TASK STATEMENT ::
Each line from the one with "Buck In Camo- Fleece Cosy Blanket (Front)" through the end of the records below should be transcribed exactly, and each picture should be skipped.

Caption-style text data ::
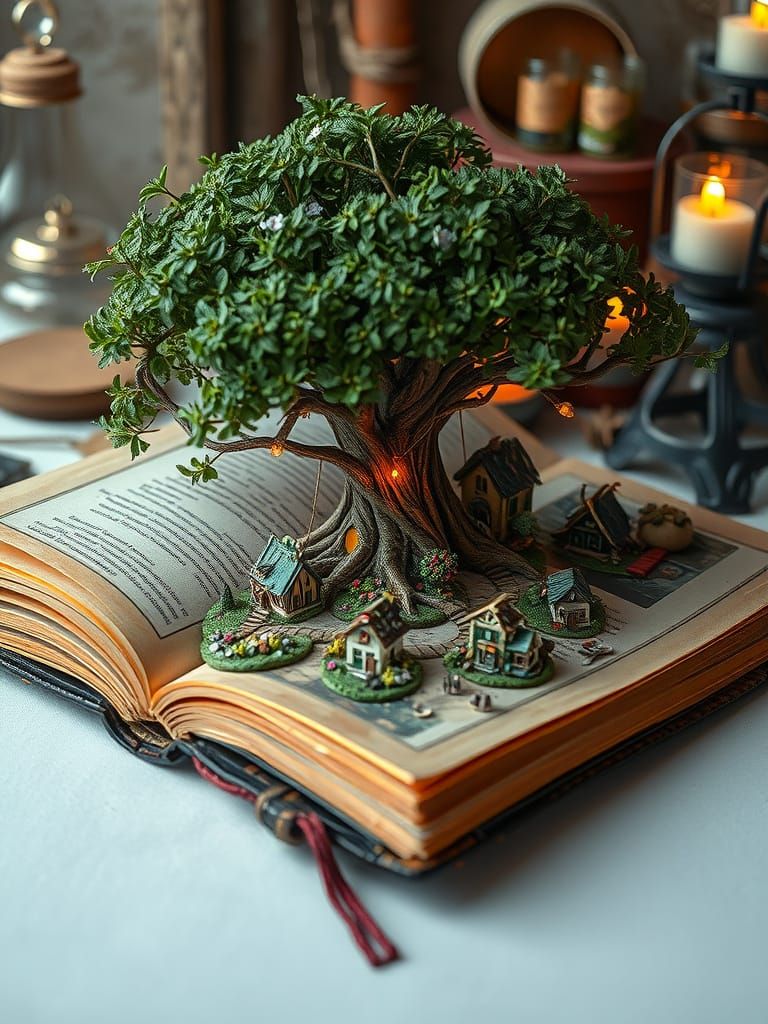 Miniature World Emerges from Open Book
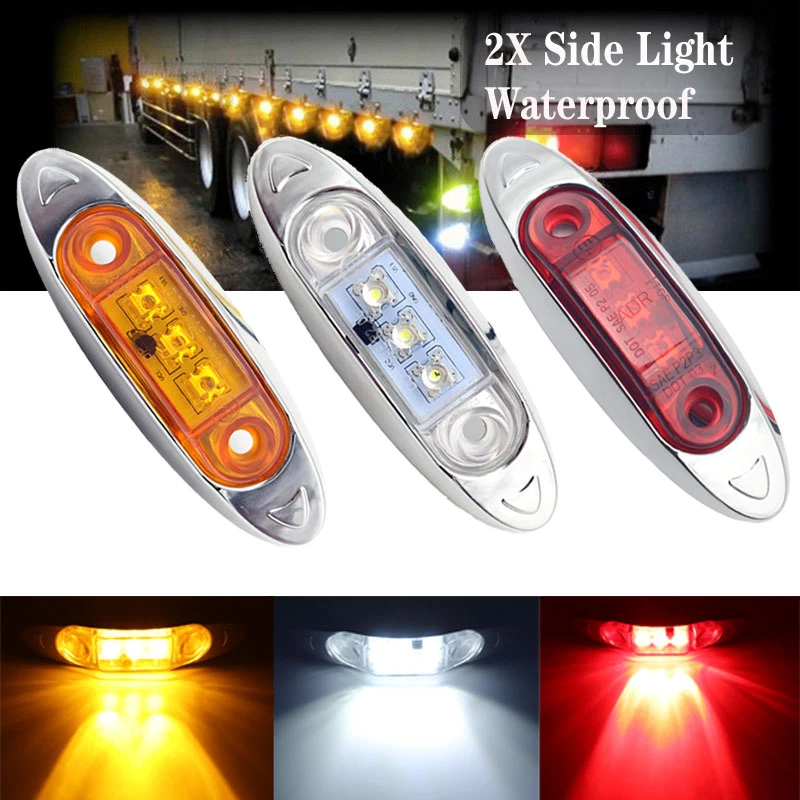 2 шт. 3LED 12V/24V автомобиль грузовик с прицепом Ясно Боковой габаритный фонарь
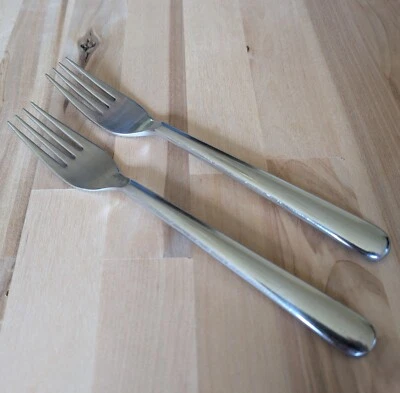Set Of Two (2) Retroneu Image 7 3/4" Dinner Forks Glossy Stainless Korea MCM - Image 1 of 4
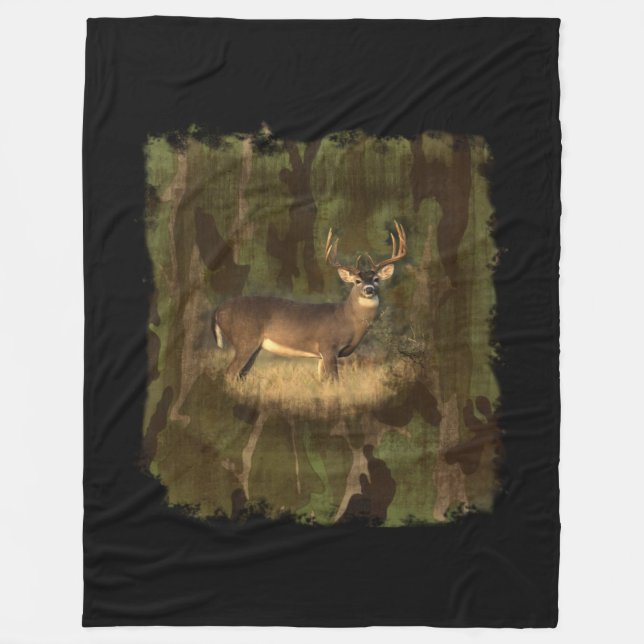 Buck In Camo- Fleece Cosy Blanket (Front)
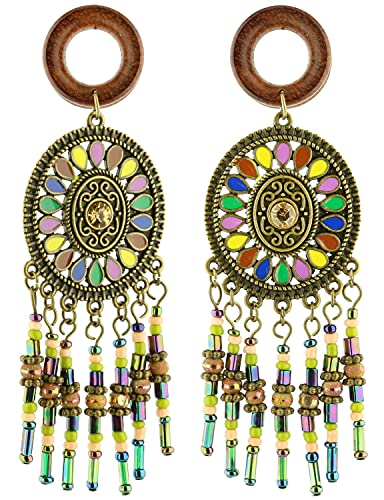 Balala 8mm-22mm Bohemian Beads Tassel Wood Dangle Ear Gauges Piercing Flesh Tunnels Plugs Statement Earrings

TASK SOLUTION ::
 Buck In Camo- Fleece Cosy Blanket (Front)
 Balala 8mm-22mm Bohemian Beads Tassel Wood Dangle Ear Gauges Piercing Flesh Tunnels Plugs Statement Earrings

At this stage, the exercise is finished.